San Diego Business Journal

Qualcomm Inc. will invest $500 million over four years in start-up companies that are involved in some way with CDMA technology.

Qualcomm, which develops and licenses wireless products and services based on code division multiple access, or CDMA, said companies receiving investments from Qualcomm Ventures would benefit from access to the company's research and development expertise, engineering resources, and business relationships.

In return, Qualcomm takes an equity stake in the startups that would likely not exceed 20 percent, said Jeff Jacobs, senior vice president of business development who is heading up the fund.The goal of the investment fund is to support the adoption of CDMA globally, said Jacobs, the son of Qualcomm founder and chairman Irwin Jacobs.

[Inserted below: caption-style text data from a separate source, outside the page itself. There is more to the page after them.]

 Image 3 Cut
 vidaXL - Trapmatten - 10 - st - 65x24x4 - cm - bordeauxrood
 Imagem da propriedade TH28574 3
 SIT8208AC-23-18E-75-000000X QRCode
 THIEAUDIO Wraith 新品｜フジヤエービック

"Qualcomm wins when CDMA wins," he said.

The venture fund formalizes a strategy Qualcomm has already pursued in recent years , investing in smaller firms that show strategic connections to its core technology.

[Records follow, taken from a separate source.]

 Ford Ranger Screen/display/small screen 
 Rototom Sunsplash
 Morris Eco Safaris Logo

Jacobs said the company has invested some $100 million in 15 companies, nearly all of which include some use of CDMA wireless in their business plans.

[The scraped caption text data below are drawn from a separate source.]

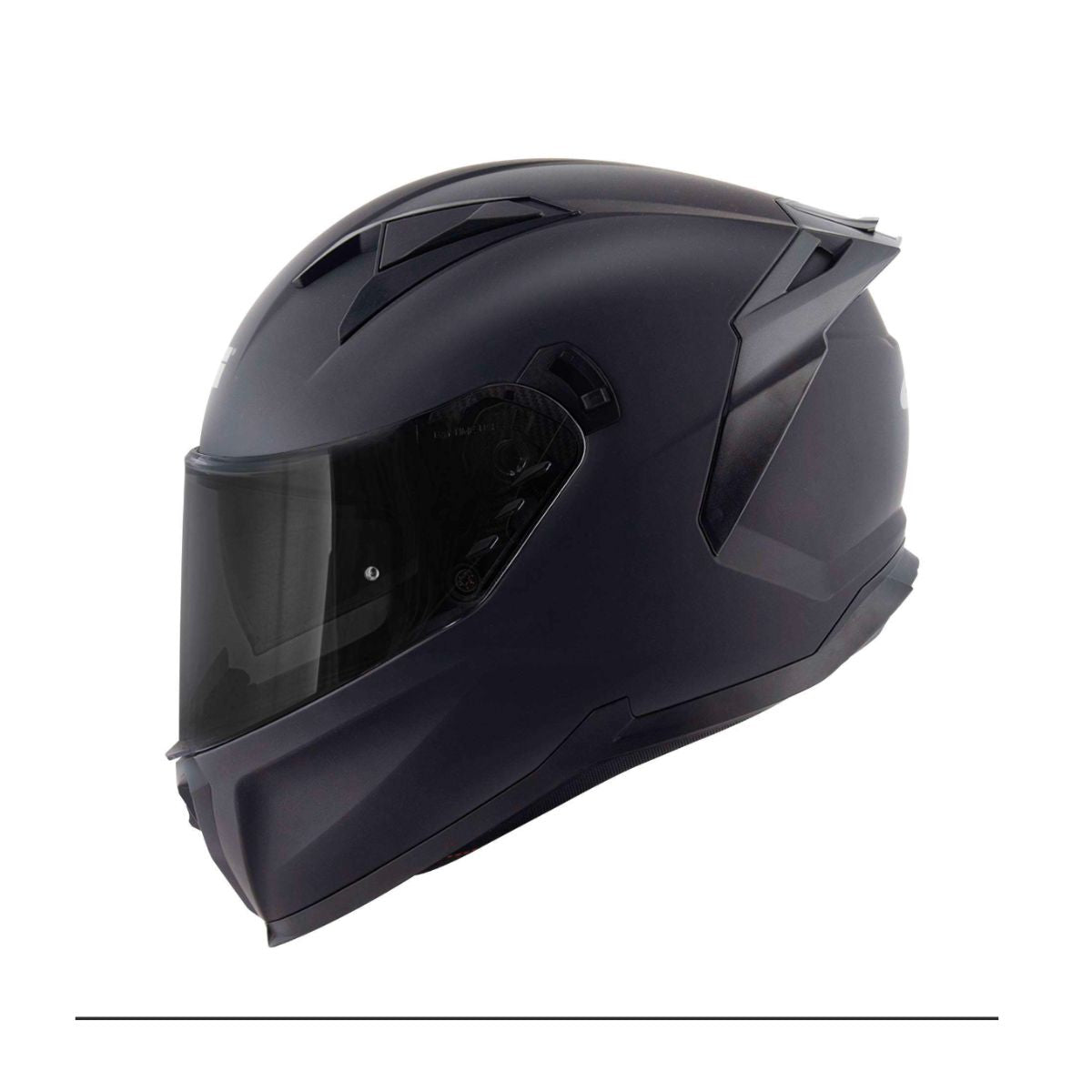 H50Z GIVI NEGRO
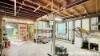 55 Crest Haven, Lamb Island, Qld 4184-Image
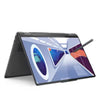 Lenovo Yoga 7 i5-1340P 16GB RAM 512 GB SSD 16 in W11 Home WQXGA Touch IPS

Among those companies are five based in San Diego: AirFiber Inc.; Graviton Inc.; ideaEdge Ventures; PacketVideo Corp.; and SkyDesk Inc.

The size of the individual investments will range from $2 million to $10 million, with the preference for early to mid-stage private ventures, Jacobs said.

Separate from the venture fund, Qualcomm said it will continue to make larger investments in established public companies. Examples of those investments are in Leap Wireless International, which was spun off as separate company; Korea Telecom Freetel; NetZero, Inc.; and Wireless Knowledge Inc.

An advisory committee made up of senior Qualcomm executives will decide on Qualcomm Ventures investment strategy. More information on the application process is available on the company's Web site.

Jacobs said companies receiving funding wouldn't necessarily have to use CDMA technology exclusively. The overall goal behind the investments is to accelerate the use of CDMA globally, he said.

The most popular wireless technology used today is GSM, or global systems mobile, which dominates in Europe. CDMA usage worldwide is estimated at 70 million, Qualcomm officials said.